As you can probably tell from the amount of space I have devoted to telling his story, I have a lot of time for St John of God. I feel certain resonances with him.  My ancestors were shepherds. I, too, have spent a lot of time wandering around wondering what God meant for me to do. When I was 55, I died – or at least my old life did, in an experience every bit as transformatory as St John of God’s listening to the sermon of John of Avila.  I suppose that experience, and what arose out of it, has instilled in me a reminder not to talk myself out of doing things just because the outcome might be impractical, or embarrassing.  There are lots of little voices in our heads that tell us all sorts of reasons why it wouldn’t be a good idea to do this or that right now, better safe than sorry, wait, wait and hesitate. But these days, if I feel the need to speak, or act, I speak, or act. Life is not a dress rehearsal.

Where I do fall down, though, is in the lack of courage. Like the cowardly lion. To lead the life of someone like St John of God, as well as probably being able to drive an ambulance, you need a sort of complete and overarching courage to let go, to let go of everything, to let yourself fall backwards and trust that Big G will catch you.

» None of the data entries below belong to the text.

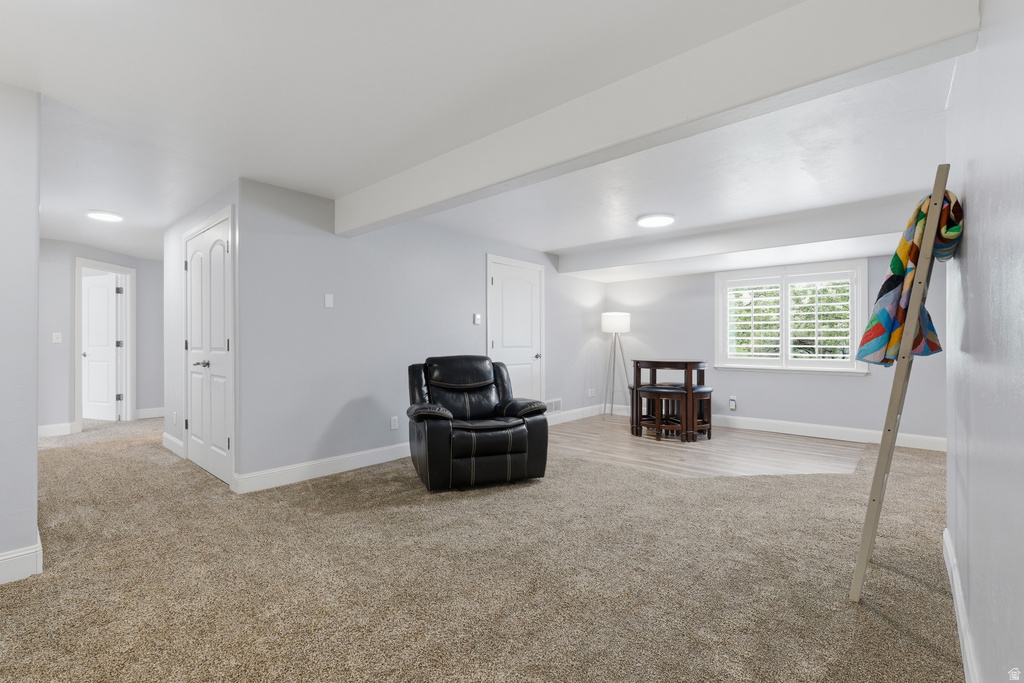 1349 N 550 E Nephi, UT 84648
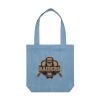 AS Colour / CARRIE DENIM TOTE Thumbnail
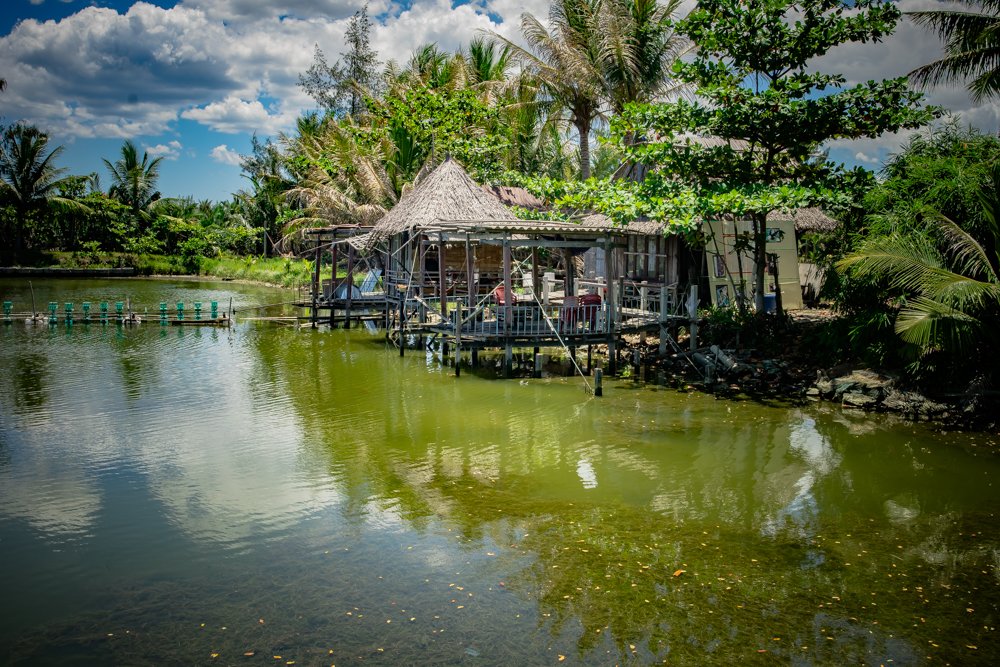 Photograph by Константин Урюпин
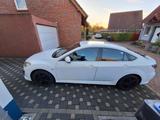Mazda 6 2.2 MZR-CD 120kW DPF Sports-Line  - Mazda 6 in Hamm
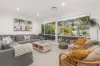 21 Allerton Avenue, Culburra Beach, NSW 2540-Image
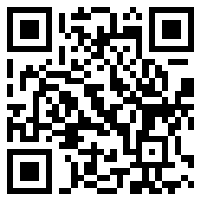 QR Code for dash:XbSF3VPNP6HNVjk3ZVCyftMN4BQT1PY97x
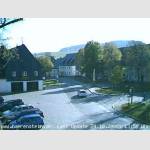 2008-10-24-13-59Uhr.jpg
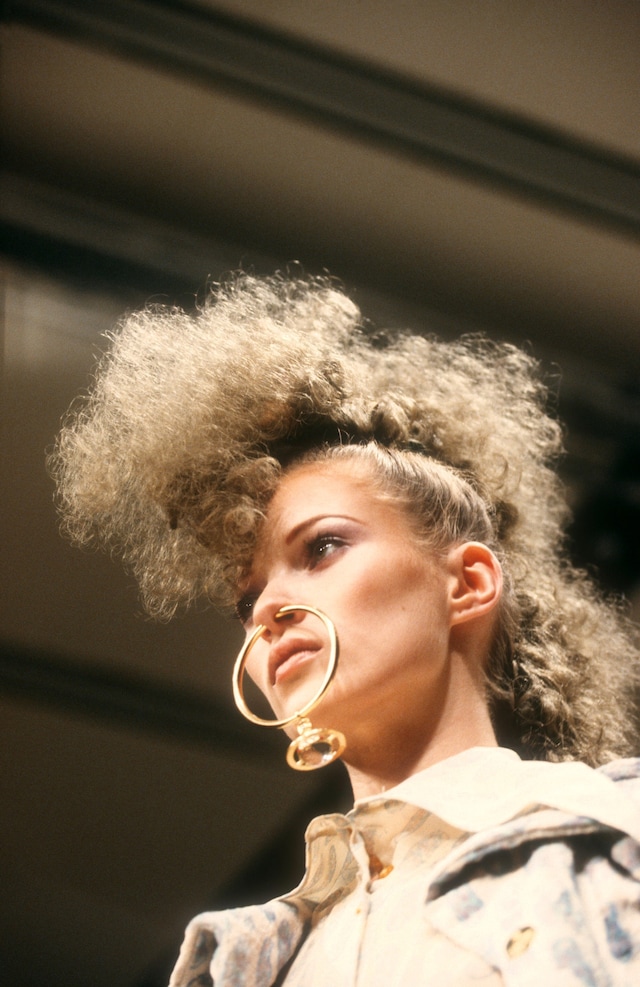 Vivienne Westwood &amp; Jewellery 0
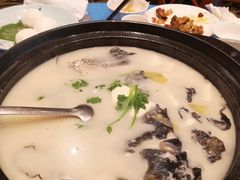 -老淳安—伴山伴湖(千岛湖开元度假村店)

The sort of courage that makes you dash into a burning building, rather than running the other way. It was the same with St John’s modern day cognate, Fr. Vincent McNabb, who used to tramp round the houses of his poor parishioners in 1930s London, washing their kitchen floors for them.  That’s the bit I can’t do. Well, that, and the forgiveness.

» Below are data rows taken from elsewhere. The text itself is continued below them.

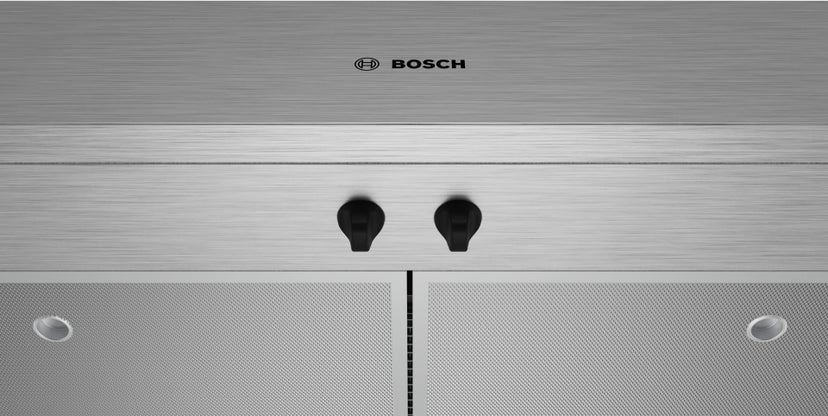 Bosch DUH36253UC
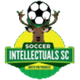 足球知识分子FC logo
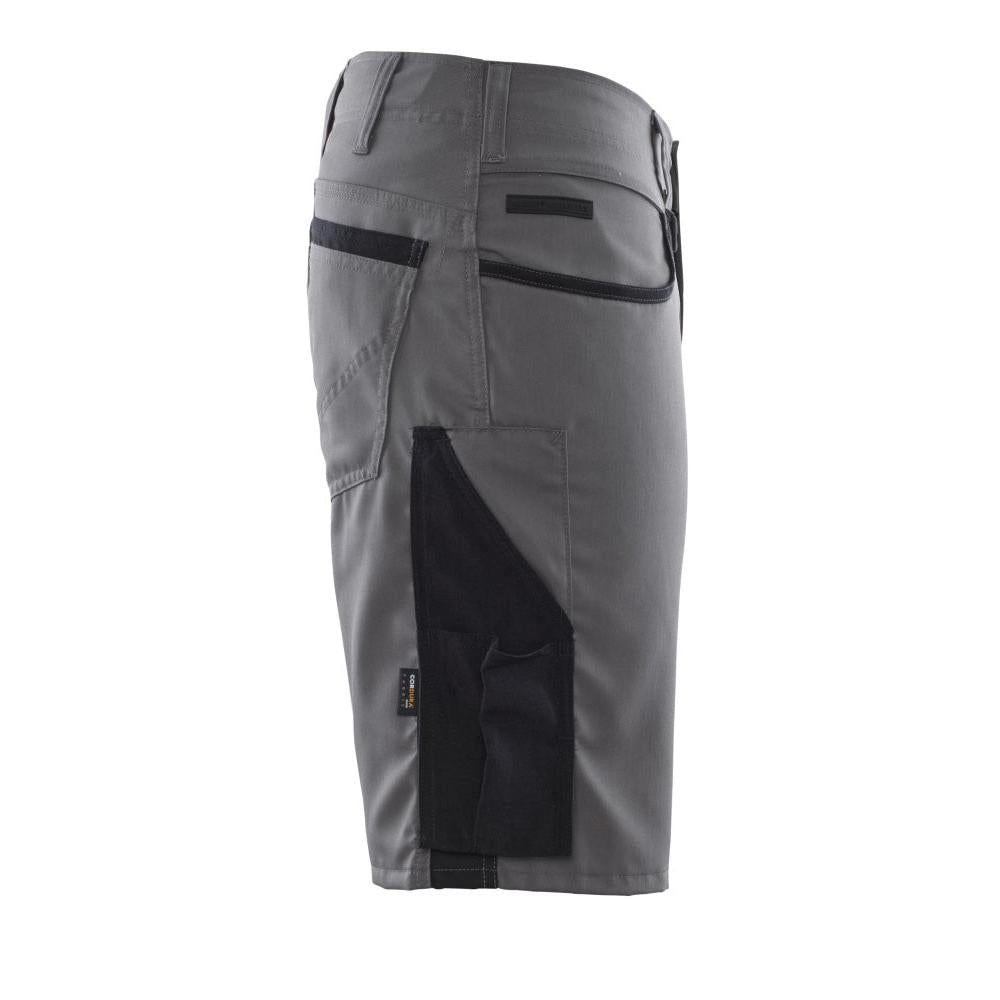 Shorts, lette shorts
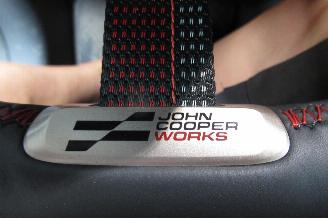 Mini Cooper S JWC TRIM picture 30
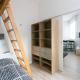 Le 10 Cosy Montrouge - Foto 5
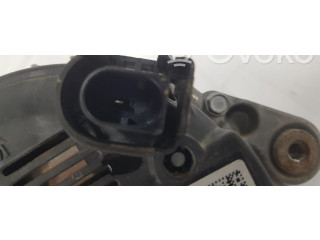 Генератор 04C903026C   Seat Ibiza V (KJ) 1.0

Still, I’ve listed and enumerated my shortcomings often enough in this blog, and raking over old coals becomes tedious after a while. Maybe one day I will see something so blindingly obvious that my purpose will be revealed to me. Meanwhile, they also serve who only stand and wait, or who get the coal in, or feed the animals, or cook the stew. Or tend the sheep, I suppose.

Anyway, it’s got to be Sunday teatime again and – surprisingly – it’s still light, which shows, I guess, that spring is in the air, or on the wing, or something. Maisie’s daffodils, talking of Wordsworth, are nodding in the breeze, but they aren’t in flower yet. Snow is melting, the hail’s stopped pelting, as the song says. Next week contains Mike’s funeral, on Thursday, which will be a sad day, and there is still much to be done in terms of sorting out arrangements – not by me, but it still needs doing.  I finally found the text of the supposed Norman Nicholson poem I was looking for, which Mike’s death brought to mind: except it’s by Sidney Keyes, writing about Wordsworth.  

No room for mourning: he’s gone out
Into the noisy glen, or stands between the stones
Of the gaunt ridge, or you’ll hear his shout
Rolling among the screes, he being a boy again.
He’ll never fail nor die
And if they laid his bones
In the wet vaults or iron sarcophagi
Of fame, he’d rise at the first summer rain
And stride across the hills to seek
His rest among the broken lands and clouds.

As Sally Evans said to me, you could hardly find a better epitaph for someone who loved the great outdoors.  The Holmfirth Harriers have also posted a very kind obituary to him on their web site, which details his many athletic achievements. If the weather holds, and there is a chance of the camper van making it that far, we’ll try to get up to Walney next weekend. He liked it there, on the occasions when we took him and the dogs, and it would be a good place to contemplate, and to remember him. If I don’t manage to post a blog next Sunday, that’s probably why.  

In the meantime, Debbie has come back with the dogs, and has begun to cause chaos in the kitchen behind me, by preparing a smoothie whose ingredients include avocados, granny smith apples, kale and soya milk. She is intending to drink it herself, rather than give it to the dogs, but either way, it’s a potential disaster which needs supervising.  Wish me luck.